Im selbstverwalteten Flüchtlingslager Mexmûr in Südkurdistan leben etwa 12.000 Menschen, die vor allem aus Nordkurdistan geflohen sind. Unter den Bewohner:innen befinden sich Alte, Kranke und Kinder. Allein 3.500 Bewohner:innen sind Kinder im Schulalter.
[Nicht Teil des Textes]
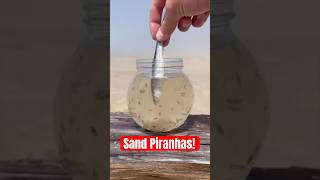 THESE Will INFEST YOU at the Beach! 😱 #animals #nature #shorts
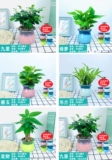 Lvluo Fortune Tree Tree Plant Plant Plant Комната цветочные зеленые растения LV сцены четыре сезона Changqingwen Bamboo Hanging Orchids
Das Flüchtlingslager, das offiziell von den UN getragen wird, wird nicht nur von der türkischen Luftwaffe und dem IS angegriffen, es befindet sich auch seit drei Jahren unter einem Embargo durch die mit dem türkischen Faschismus kollaborierende südkurdische PDK. Die Ko-Vorsitzende des Volksrats von Mexmûr, Filiz Budak, berichtet im Gespräch mit der Nachrichtenagentur Mezopotamya über ihre Forderungen an die UN, ihrer Aufgabe gerecht zu werden und Stellung gegen Angriffe und Embargo zu beziehen.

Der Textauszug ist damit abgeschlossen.